It is clear that conditions (8) are closely related to conditions (2). The difference is that, in (8), the scaling factor \(\sigma \) is attached to all volume and ratio inputs \(i\in \mathrm{I}'\) and outputs \(r\in \mathrm{O}'\) with respect to which we define the cone extension, and the remaining inputs and outputs in the sets \(\mathrm{I} \setminus \mathrm{I}'\) and \(\mathrm{O} \setminus \mathrm{O}'\) are kept fixed. As a result, the closed partial cone extension \(\bar{C}(\mathrm{I}',\mathrm{O}')\) of technology \(T_{\mathrm{VRS}}^{\mathrm{R}}\) includes all partially scaled R-convex combinations of the observed DMUs, where only the inputs and outputs in the sets \(\mathrm{I}'\) and \(\mathrm{O}'\) are scaled by \(\sigma \ge 0\), and the remaining inputs \(i\in \mathrm{I} \setminus \mathrm{I}'\) and \(r\in \mathrm{O} \setminus \mathrm{O}'\) are not scaled.

4.3 The most productive scale size in the R-VRS technology

Recall that Banker (1984) introduces the notion of MPSS evaluated with respect to the entire vectors of inputs and outputs in the VRS technology \(T_{\mathrm{VRS}}\) (which, according to Remark 1, can be viewed as a special case of the R-VRS technology \(T_{\mathrm{VRS}}^{\mathrm{R}}\)). Namely, let DMU \((X_o,Y_o) \in T_{\mathrm{VRS}}\), and let \(\varphi >0\) and \(\psi >0\) be the scaling factors for the input and output vectors, respectively. Consider the parametric set of all DMUs \((\varphi X_o,\psi Y_o) \in T_{\mathrm{VRS}}\). All such DMUs have the same structure of the input and output vectors as the original DMU \((X_o,Y_o)\). Then DMU \((X_o,Y_o)\) is at MPSS if, for any \(\varphi \) and \(\psi \) such that \((\varphi X_o,\psi Y_o) \in T_{\mathrm{VRS}}\), we have \(\psi / \varphi \le 1\). In other words, DMU \((X_o,Y_o)\) is at MPSS if it maximizes the average productivity \(\psi / \varphi \) among all DMUs \((\varphi X_o,\psi Y_o) \in T_{\mathrm{VRS}}\).

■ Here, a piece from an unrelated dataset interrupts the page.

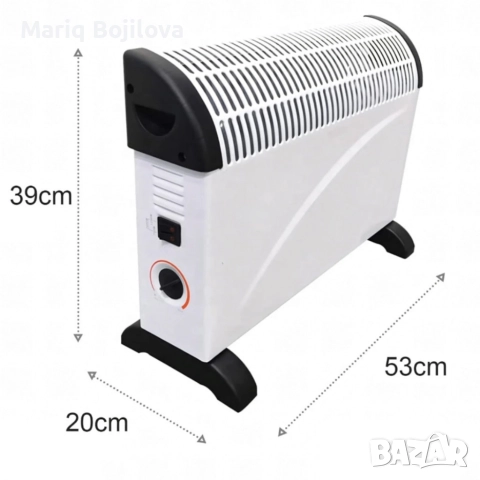 Електрически конвектор 2000 W с термостат – Енергийно ефективен и тих отоплител за всяко помещение, снимка 7 - Отоплителни печки - 52826471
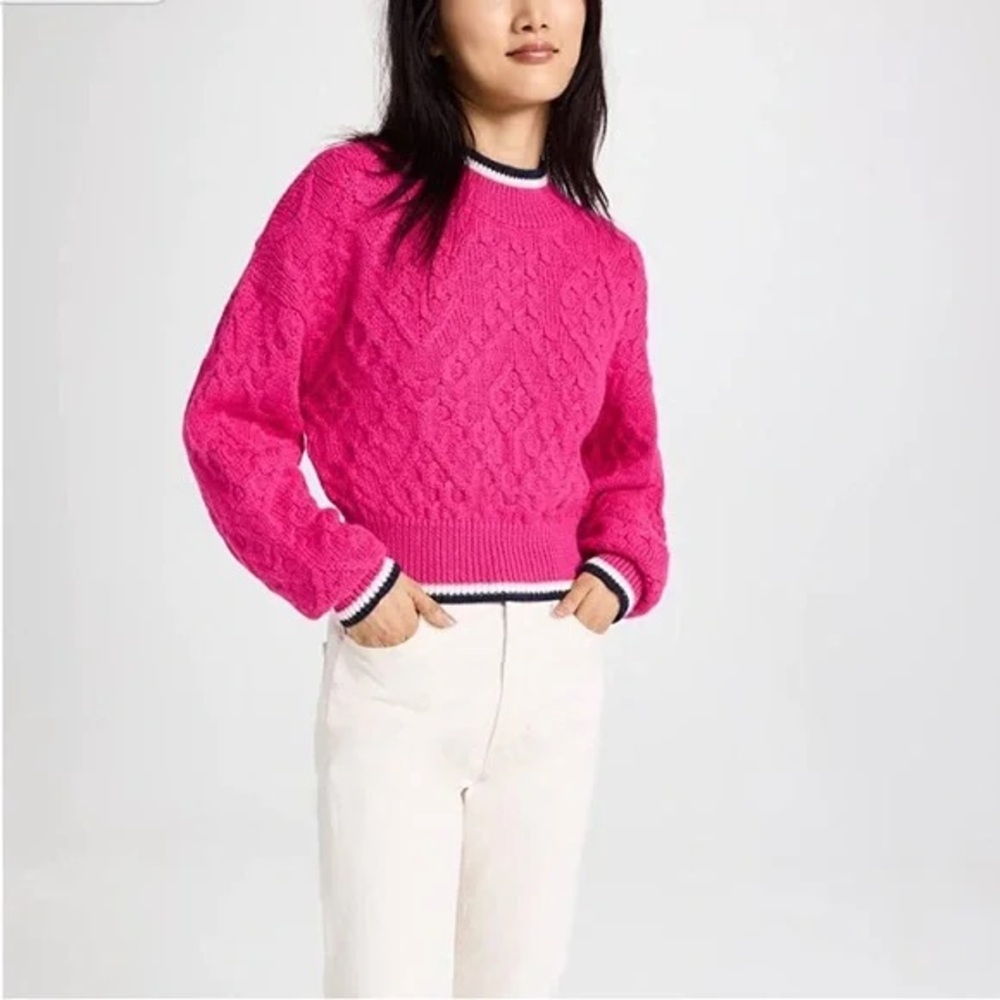 Mother The Mock Neck Pink Cable Knit Cropped Jumper Sweater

Below we follow the same approach and introduce the notion of MPSS in technology \(T_{\mathrm{VRS}}^{\mathrm{R}}\) evaluated with respect to the subsets \({\mathrm{I}'}\) and \({\mathrm{O}'}\). Consider the program

$$\begin{aligned} \begin{aligned}&\theta ^* = \sup \ (\psi / \varphi )\\&\text {subject to } \left( {{X_o}(\varphi ),{Y_o}(\psi )} \right) \in T_{\mathrm{VRS}}^{\mathrm{R}}, \ \varphi > 0, \ \psi \ge 0, \end{aligned} \end{aligned}$$
(9)

where the vectors \({X_o}(\varphi )\) and \({Y_o}(\psi )\) are defined as in (4).

If the sets \({\mathrm{I}'}\) and \({\mathrm{O}'}\) include all inputs and outputs (i.e., if \({\mathrm{I}'}=\mathrm{I}\) and \({\mathrm{O}'}=\mathrm{O}\)), the condition \(\left( {{X_o}(\varphi ),{Y_o}(\psi )} \right) \in T_{\mathrm{VRS}}^{\mathrm{R}}\) of program (9) is restated as \(\left( \varphi {X_o}, \psi {Y_o} \right) \in T_{\mathrm{VRS}}^{\mathrm{R}}\). In this case, similar to the standard definition of Banker (1984), program (9) maximizes the average productivity \(\psi / \varphi \) among all DMUs stated in the form \((\varphi X_o,\psi Y_o) \in T_{\mathrm{VRS}}^{\mathrm{R}}\), i.e., preserving the input and output structures of the DMU \((X_o,Y_o)\) under the consideration.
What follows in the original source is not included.